[[ Provided data, beginning ]]

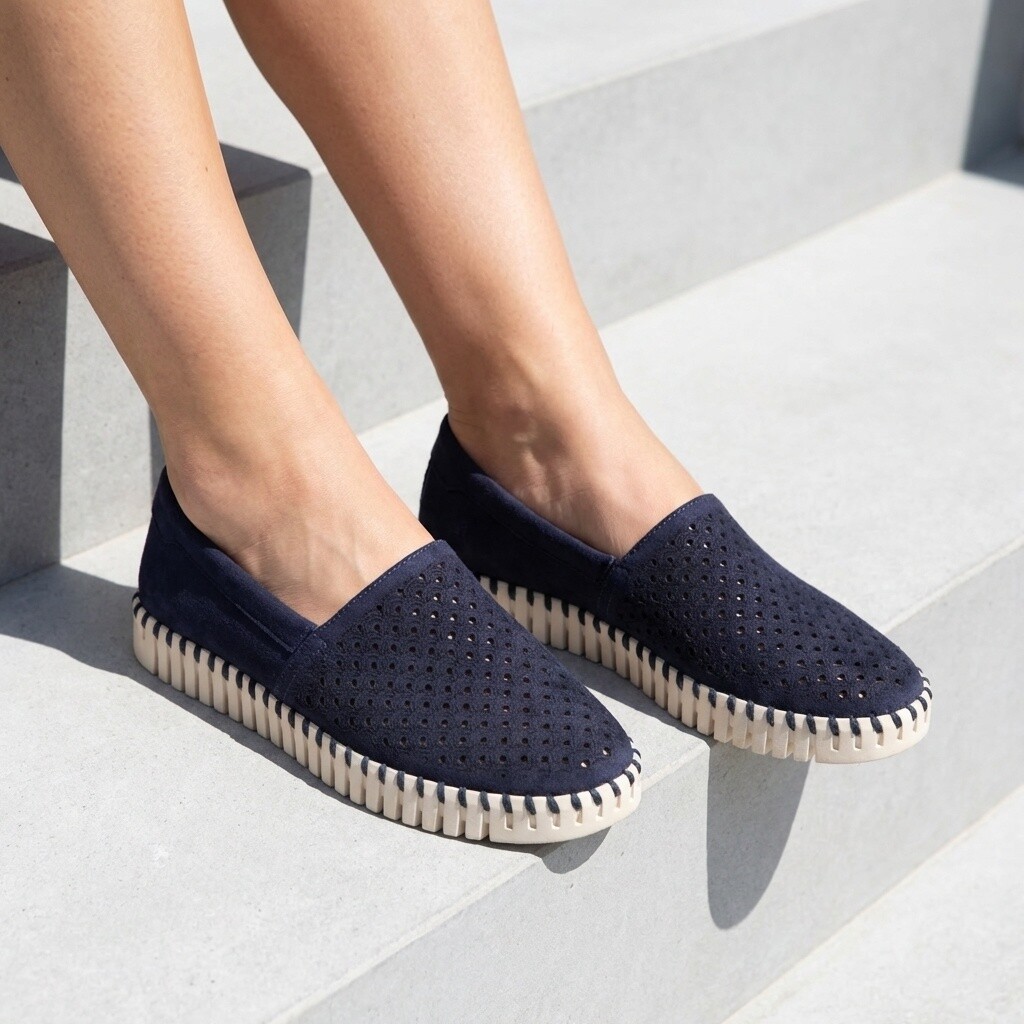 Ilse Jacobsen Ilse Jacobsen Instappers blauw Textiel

[[ Provided data, end ]]
[[ Provided data, beginning ]]

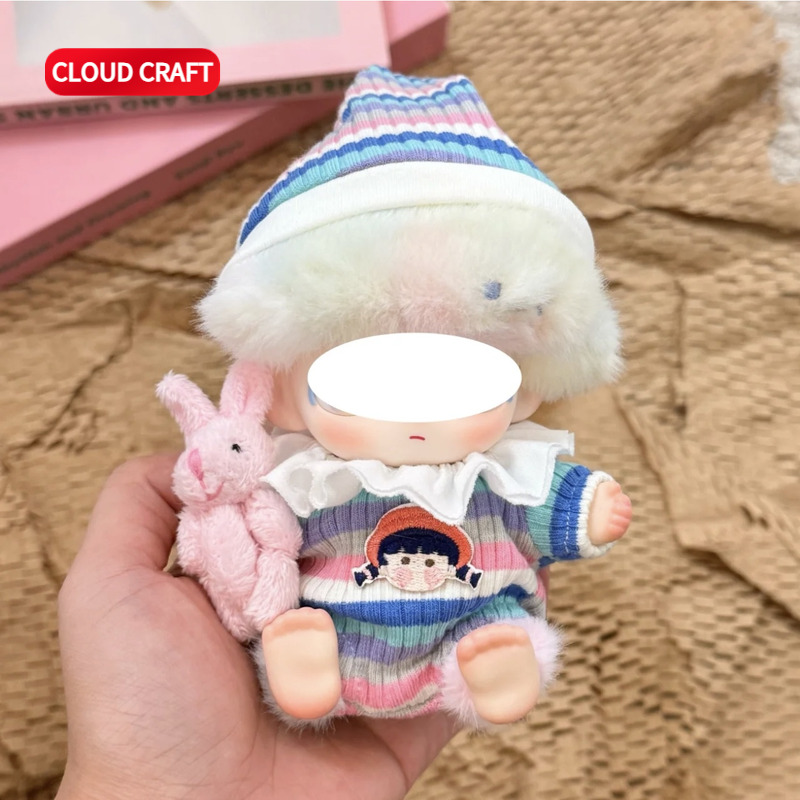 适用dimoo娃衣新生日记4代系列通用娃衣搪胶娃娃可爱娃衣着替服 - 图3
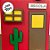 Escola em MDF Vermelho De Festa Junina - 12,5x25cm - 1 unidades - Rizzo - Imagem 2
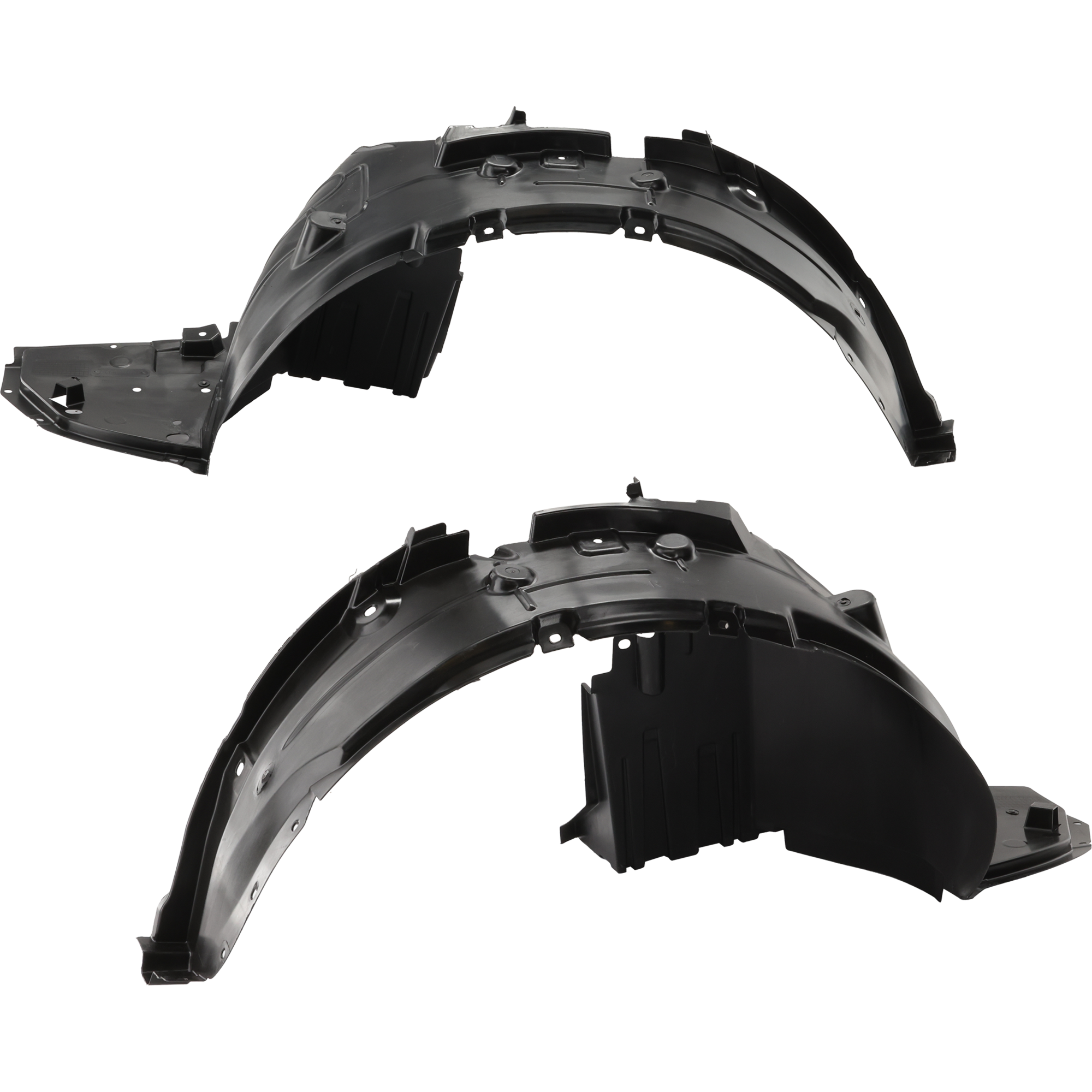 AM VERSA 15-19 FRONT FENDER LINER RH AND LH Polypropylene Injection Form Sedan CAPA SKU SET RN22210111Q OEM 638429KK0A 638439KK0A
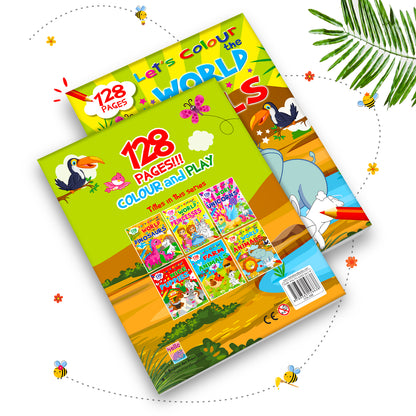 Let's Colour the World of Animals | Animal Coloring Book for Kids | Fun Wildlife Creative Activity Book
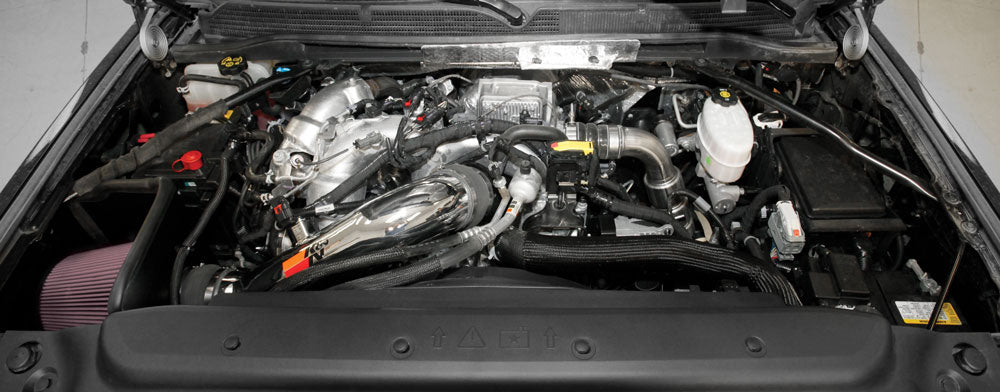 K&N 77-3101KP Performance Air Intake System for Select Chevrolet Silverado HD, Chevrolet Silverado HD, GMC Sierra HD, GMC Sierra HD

[[ Provided data, end ]]
[[ Provided data, beginning ]]

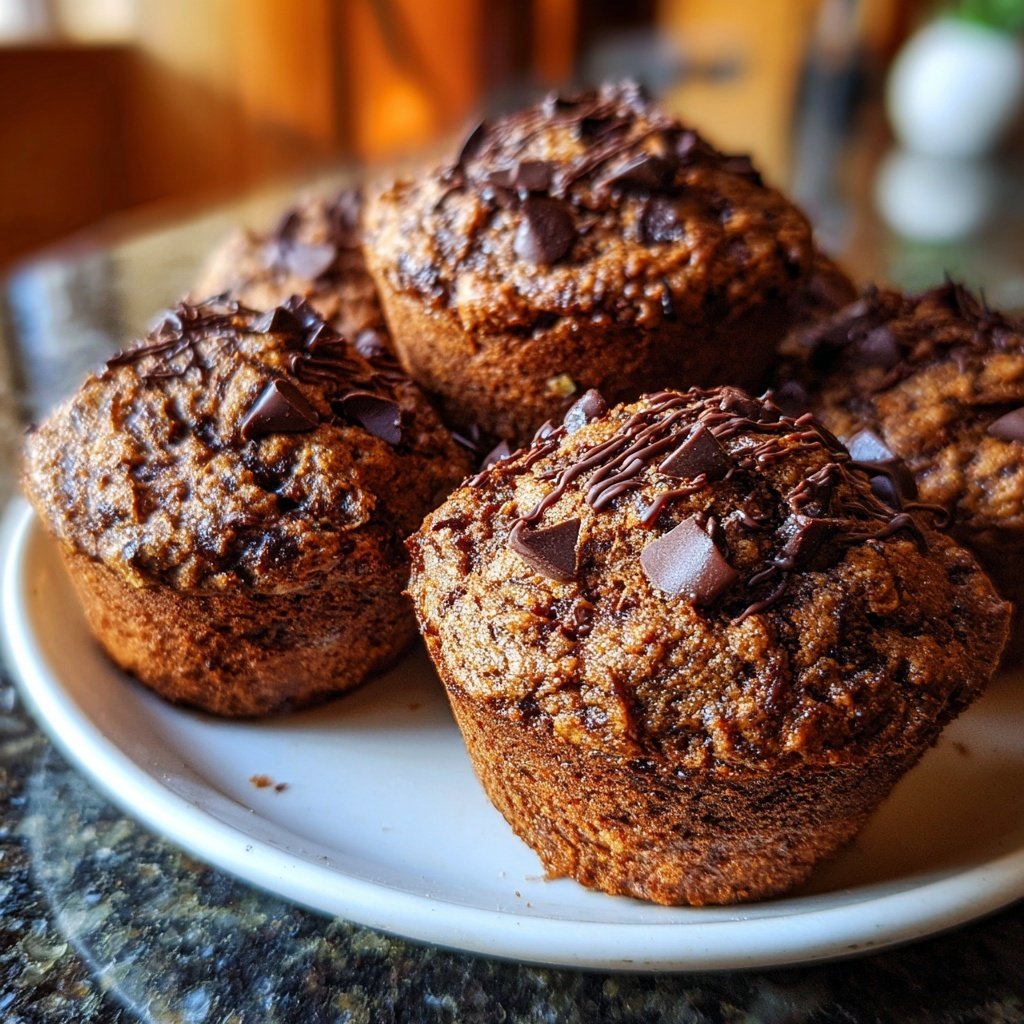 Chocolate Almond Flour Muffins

[[ Provided data, end ]]

### What needs to be done
Repeat the lines above exactly, beginning with the one containing "Let's Colour the" and finishing with the one containing "K&N 77-3101KP Performance". No pictures belong in the copy.

### Response area
 Let's Colour the World of Animals | Animal Coloring Book for Kids | Fun Wildlife Creative Activity Book
 K&N 77-3101KP Performance Air Intake System for Select Chevrolet Silverado HD, Chevrolet Silverado HD, GMC Sierra HD, GMC Sierra HD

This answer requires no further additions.